Parliamo di una categoria tra le peggiori in assoluto di idioti e mentecatti, ovvero quelli che gongolano, godono, si divertono a fare battute e cori sul dolore altrui. Nella fattispecie sull’infortunio serio e grave di un calciatore avversario; parliamo in tal caso di Georginio Wijnaldum.
Isoliamo subito un concetto: è un’operazione che non ha senso insultare il giocatore partecipe dell’impatto che ha causato lo stop dell’ex PSG (tra l’altro partecipe dell’impatto ma non strettamente e tecnicamente autore del fallo che ha portato alla rottura della tibia di Wijnaldum), questo anche per deresponsabilizzare un ragazzo che in questo momento è la seconda persona – dopo lo stesso Wijnaldum – a star male per l’accaduto.
Torniamo ai nostri amici – o meglio, nemici – di cui sopra, che vediamo gongolanti ed esultanti. Piccolo inciso: quando inizieremo a perseguire seriamente chi sui social pensa di poter vomitare qualsiasi cosa, avremo fatto un passo avanti di civiltà.
Non mi interessa specificare la tifoseria, visto che più di qualcuno su Twitter mi ha chiesto se ‘allora non fosse la stessa cosa quando i romanisti, i viola, i granata esultavano per l’infortunio di Paul Pogba‘. Sì, è la stessa cosa, non c’entra il colore.
Non possiamo connotare il dolore con rivalità campanilistiche né ragionare nel campo del ‘l’hai fatto pure tu‘: sarebbe come assolvere chiunque per strada butti l’immondizia fuori dal cassonetto dopo aver visto qualcun altro fare lo stesso.

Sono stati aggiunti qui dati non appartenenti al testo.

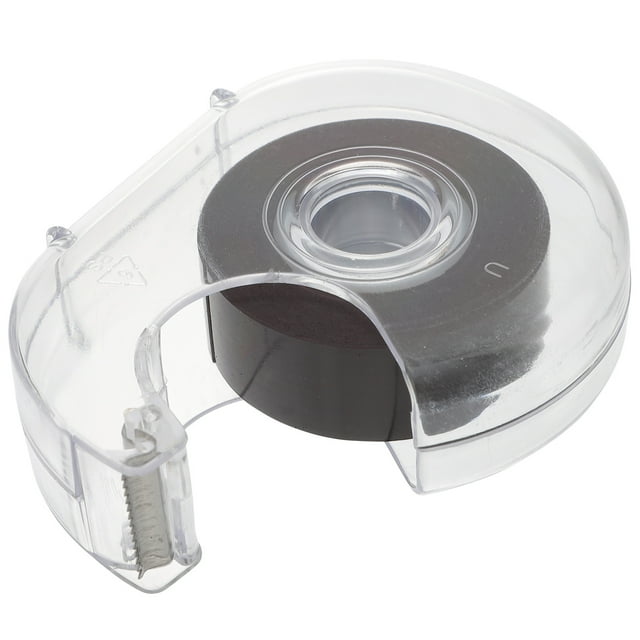 1 Roll 5m Flexible Tape with Backing Sticky with Dispenser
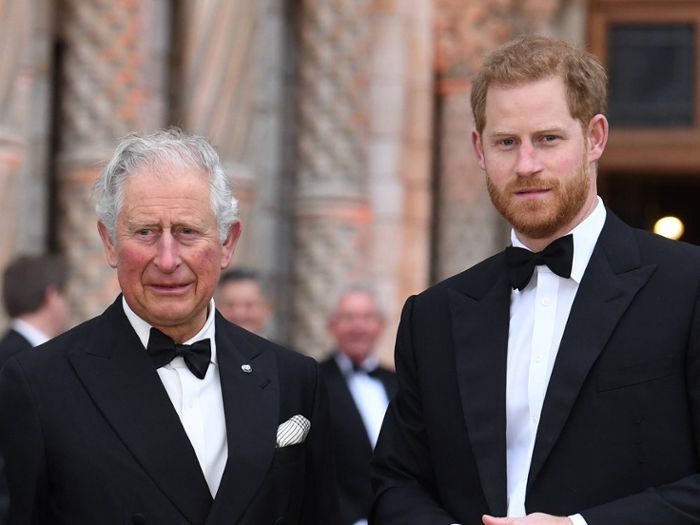 75. Geburtstag von König Charles III.: Doch keine Einladung für Harry?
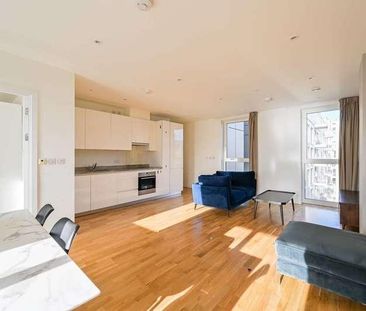 Skylark Point, East Village, Stratford, E20 - Photo 5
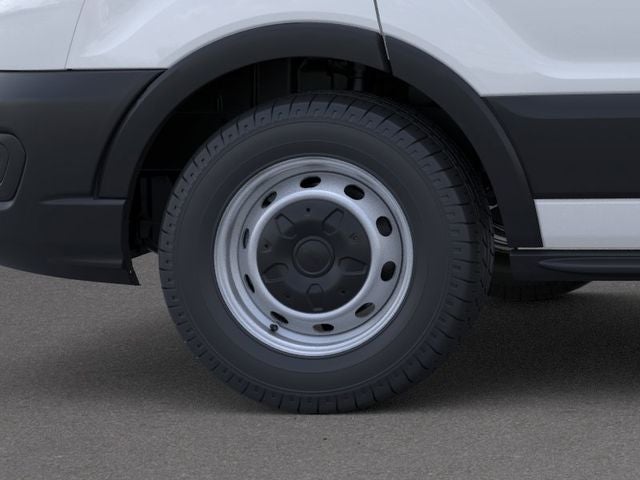 2026 Ford Transit-250 Base Commercial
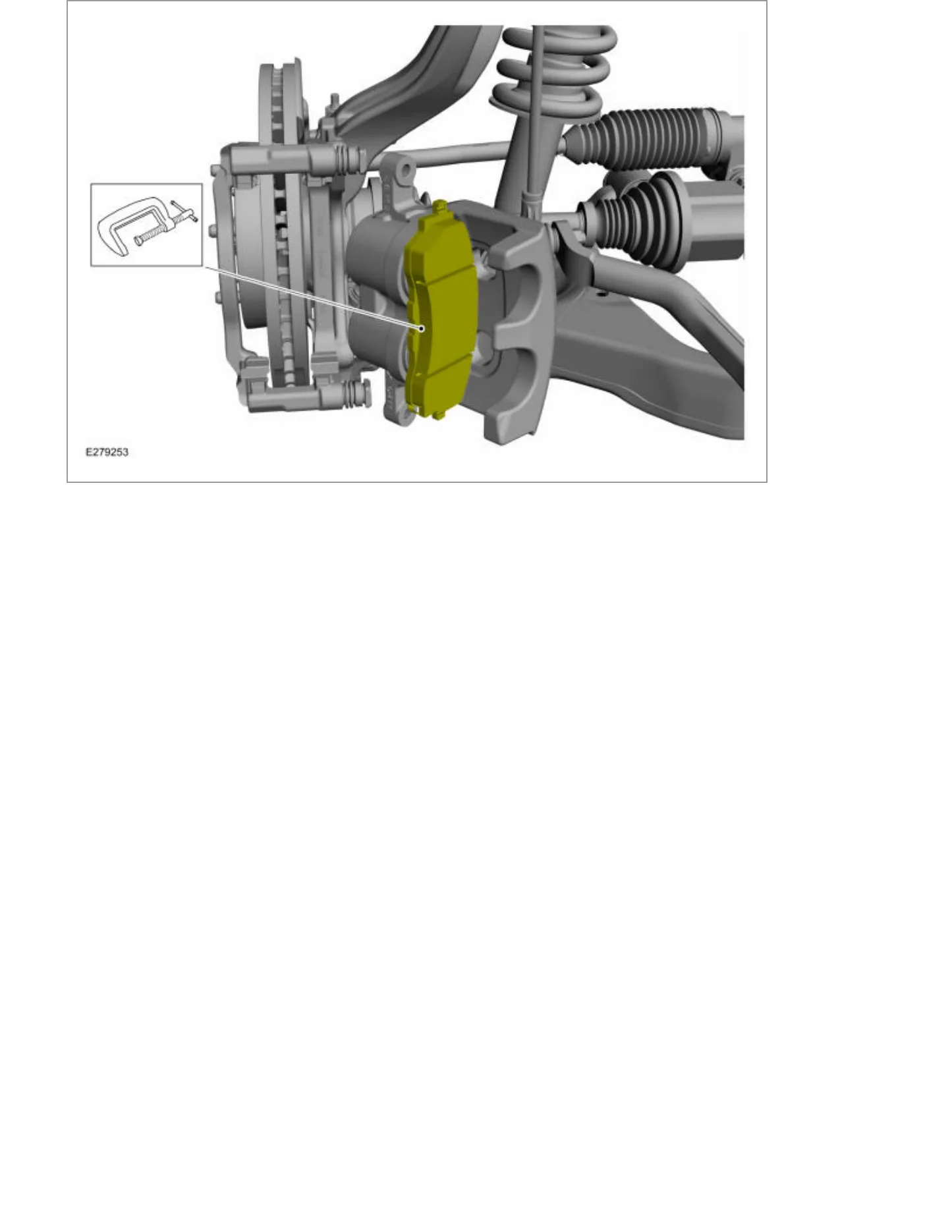 2023 Ford Ranger Service and Repair Manual preview page 8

Piccola similitudine finale: gioire per un momento di dolore di un ragazzo (sì, miliardario, sì, giovane, sì, baciato dal talento) che rischia un Mondiale e dovrà affrontare una riabilitazione è collocarsi un gradino sotto i guardoni al parco con le coppiette. Con la differenza che questi ultimi si compiacciono della gioia altrui, non di un infortunio.